Never in his life had Fastus witnessed such agility. It was as though the eyes and body of the barbarian moved more rapidly than the sword of Fastus, and always a fraction of an inch ahead.
Three times Fastus swung viciously at the stranger, and three times his blade cut empty air, while the girl, wide-eyed with astonishment, watched the seemingly unequal duel. Her heart filled with admiration for this strange young giant, who, though he was evidently a barbarian, looked more the patrician than Fastus himself. Three times the blade of Fastus cut harmlessly through empty air—and then there was a lightning-like movement on the part of his antagonist. A brown hand shot beneath the guard of the Roman, steel fingers gripped his wrist, and an instant later his sword clattered to the tile walk of the courtyard. At the same moment two white men and a Negro hurried breathlessly into the garden and ran quickly forward—two with daggers in their hands and one, the black, with a sword.
They saw Tarzan standing between Fastus and the girl. They saw the man in the grip of a stranger. They saw the sword clatter to the ground, and naturally they reached the one conclusion that seemed possible—Fastus was being worsted in an attempt to protect the girl against a stranger.
Tarzan saw them coming toward him and realized that three to one are heavy odds. He was upon the point of using Fastus as a shield against his new enemies when the girl stepped before the three and motioned them to stop. Again the tantalizing tongue that he could almost understand and yet not quite, as the girl explained the circumstances to the newcomers while Tarzan still stood holding Fastus by the wrist.
Presently the girl turned to Tarzan and addressed him, but he only shook his head to indicate that he could not understand her; then, as his eyes fell upon the Negro, a possible means of communicating with these people occurred to him, for the Negro resembled closely the Bagegos of the outer world.
"Are you a Bagego?" asked Tarzan in the language of that tribe.
The man looked surprised. "Yes," he said, "I am, but who are you?"
"And you speak the language of these people?" asked Tarzan, indicating the young woman and Fastus and ignoring the man's query.
"Of course," said the Negro. "I have been a prisoner among them for many years, but there are many Bagegos among my fellow prisoners and we have not forgotten the language of our mothers."
"Good," said Tarzan. "Through you this young woman may speak to me."

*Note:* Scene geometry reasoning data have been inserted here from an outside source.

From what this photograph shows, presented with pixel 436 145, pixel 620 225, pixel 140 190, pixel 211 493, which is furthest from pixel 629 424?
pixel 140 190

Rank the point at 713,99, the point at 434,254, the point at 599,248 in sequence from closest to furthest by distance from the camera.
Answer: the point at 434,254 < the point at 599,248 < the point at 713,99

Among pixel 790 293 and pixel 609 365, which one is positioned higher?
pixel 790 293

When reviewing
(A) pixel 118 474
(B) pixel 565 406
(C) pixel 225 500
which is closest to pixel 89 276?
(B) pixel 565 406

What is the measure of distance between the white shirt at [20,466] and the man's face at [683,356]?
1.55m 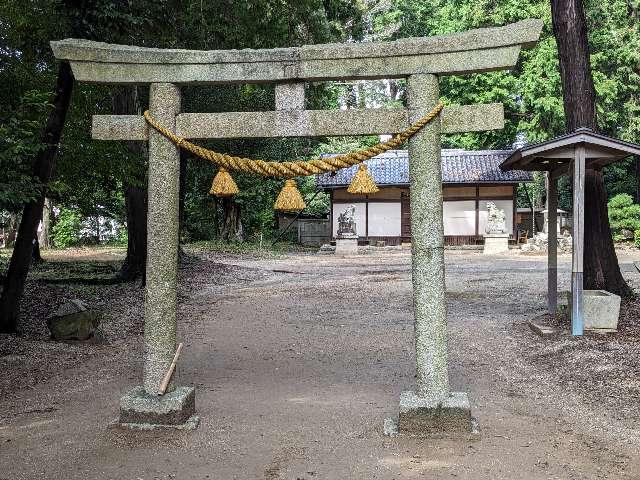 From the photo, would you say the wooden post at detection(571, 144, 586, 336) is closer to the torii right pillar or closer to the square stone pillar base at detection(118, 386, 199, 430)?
the torii right pillar

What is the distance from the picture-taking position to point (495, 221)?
26750mm

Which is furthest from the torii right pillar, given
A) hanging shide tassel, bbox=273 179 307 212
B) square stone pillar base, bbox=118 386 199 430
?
square stone pillar base, bbox=118 386 199 430

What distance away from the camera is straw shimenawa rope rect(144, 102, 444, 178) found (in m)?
5.03

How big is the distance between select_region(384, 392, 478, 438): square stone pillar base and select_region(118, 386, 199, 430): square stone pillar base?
1.82 metres

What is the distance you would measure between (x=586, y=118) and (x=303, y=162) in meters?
7.12

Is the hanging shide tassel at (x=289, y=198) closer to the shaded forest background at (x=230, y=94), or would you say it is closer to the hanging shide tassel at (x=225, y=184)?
the hanging shide tassel at (x=225, y=184)

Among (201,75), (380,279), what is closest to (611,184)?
(380,279)

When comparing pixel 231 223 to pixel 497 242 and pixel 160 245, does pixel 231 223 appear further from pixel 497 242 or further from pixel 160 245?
pixel 160 245

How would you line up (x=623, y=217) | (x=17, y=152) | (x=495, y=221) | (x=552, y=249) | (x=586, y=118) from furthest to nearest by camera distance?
(x=623, y=217), (x=495, y=221), (x=552, y=249), (x=586, y=118), (x=17, y=152)

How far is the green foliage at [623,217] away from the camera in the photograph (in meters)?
27.0

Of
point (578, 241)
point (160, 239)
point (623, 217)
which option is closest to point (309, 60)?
point (160, 239)

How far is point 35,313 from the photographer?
10.6 m

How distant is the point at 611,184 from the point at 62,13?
2991 centimetres

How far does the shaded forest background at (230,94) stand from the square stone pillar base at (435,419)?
482 cm
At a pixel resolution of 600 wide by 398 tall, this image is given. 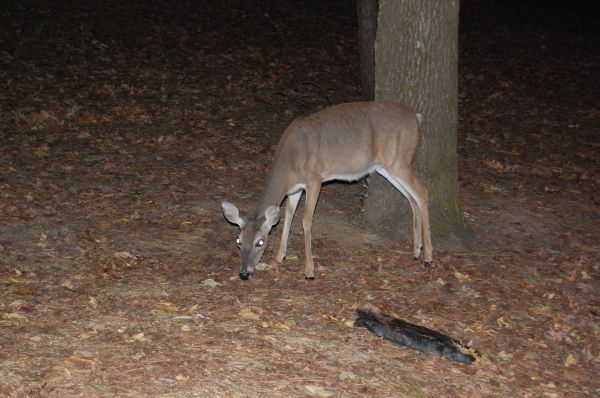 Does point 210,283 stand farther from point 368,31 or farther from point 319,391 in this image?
point 368,31

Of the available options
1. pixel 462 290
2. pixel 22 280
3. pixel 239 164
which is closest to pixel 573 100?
pixel 239 164

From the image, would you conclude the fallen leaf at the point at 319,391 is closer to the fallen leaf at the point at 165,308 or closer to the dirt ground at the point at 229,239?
the dirt ground at the point at 229,239

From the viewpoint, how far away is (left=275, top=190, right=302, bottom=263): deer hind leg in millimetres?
8461

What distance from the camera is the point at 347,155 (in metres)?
8.57

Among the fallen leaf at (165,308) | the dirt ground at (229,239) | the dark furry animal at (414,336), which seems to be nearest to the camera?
the dirt ground at (229,239)

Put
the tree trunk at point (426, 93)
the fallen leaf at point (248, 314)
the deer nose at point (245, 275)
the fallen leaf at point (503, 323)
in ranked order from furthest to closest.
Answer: the tree trunk at point (426, 93)
the deer nose at point (245, 275)
the fallen leaf at point (503, 323)
the fallen leaf at point (248, 314)

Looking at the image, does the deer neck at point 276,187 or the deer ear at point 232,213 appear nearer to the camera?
the deer ear at point 232,213

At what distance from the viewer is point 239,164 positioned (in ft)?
36.5

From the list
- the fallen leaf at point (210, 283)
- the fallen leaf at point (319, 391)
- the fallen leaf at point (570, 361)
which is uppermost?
the fallen leaf at point (319, 391)

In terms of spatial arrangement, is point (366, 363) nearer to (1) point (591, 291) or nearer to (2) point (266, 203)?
(2) point (266, 203)

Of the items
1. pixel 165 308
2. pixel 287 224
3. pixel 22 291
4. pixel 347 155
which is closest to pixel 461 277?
pixel 347 155

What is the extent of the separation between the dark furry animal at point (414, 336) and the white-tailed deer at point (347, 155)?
1.53 m

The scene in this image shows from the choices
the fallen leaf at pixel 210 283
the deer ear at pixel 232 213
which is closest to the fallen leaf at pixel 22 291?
the fallen leaf at pixel 210 283

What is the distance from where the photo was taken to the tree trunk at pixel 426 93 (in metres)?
8.52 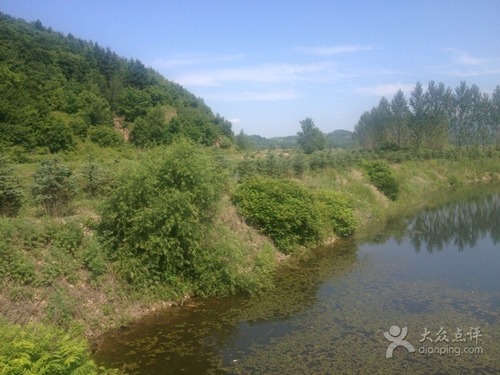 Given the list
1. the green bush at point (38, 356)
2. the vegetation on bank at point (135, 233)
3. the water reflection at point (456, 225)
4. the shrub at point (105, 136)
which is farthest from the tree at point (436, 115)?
the green bush at point (38, 356)

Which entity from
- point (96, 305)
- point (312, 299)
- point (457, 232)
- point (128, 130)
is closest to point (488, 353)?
point (312, 299)

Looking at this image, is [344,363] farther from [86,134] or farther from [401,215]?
[86,134]

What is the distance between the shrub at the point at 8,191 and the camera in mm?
15359

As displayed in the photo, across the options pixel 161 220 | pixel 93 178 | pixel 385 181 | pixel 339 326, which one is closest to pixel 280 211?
pixel 161 220

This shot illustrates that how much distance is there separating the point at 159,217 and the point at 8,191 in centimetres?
559

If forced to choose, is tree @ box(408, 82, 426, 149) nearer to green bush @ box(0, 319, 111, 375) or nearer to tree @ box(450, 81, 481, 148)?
tree @ box(450, 81, 481, 148)

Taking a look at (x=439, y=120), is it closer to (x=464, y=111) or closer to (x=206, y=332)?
(x=464, y=111)

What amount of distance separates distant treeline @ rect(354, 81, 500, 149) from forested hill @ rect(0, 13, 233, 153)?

"She wants to know who you are, and where you came from, and what you were doing in her garden, and how you got here, and how you happened to protect her from Fastus, and—"
Tarzan held up his hand. "One at a time," he cried. "Tell her I am Tarzan of the Apes, a stranger from a far country, and I came here in friendship seeking one of my own people who is lost."
Now came an interruption in the form of loud pounding and hallooing beyond the outer doorway of the building.
"See what that may be, Axuch," directed the girl, and as the one so addressed, and evidently a slave, humbly turned to do her bidding, she once more addressed Tarzan through the interpreter.
"You have won the gratitude of Dilecta," she said, "and you shall be rewarded by her father."
At this moment Axuch returned followed by a young officer. As the eyes of the newcomer fell upon Tarzan they went wide and he started back, his hand going to the hilt of his sword, and simultaneously Tarzan recognized him as Maximus Praeclarus, the young patrician officer who had conducted him from the Colosseum to the palace.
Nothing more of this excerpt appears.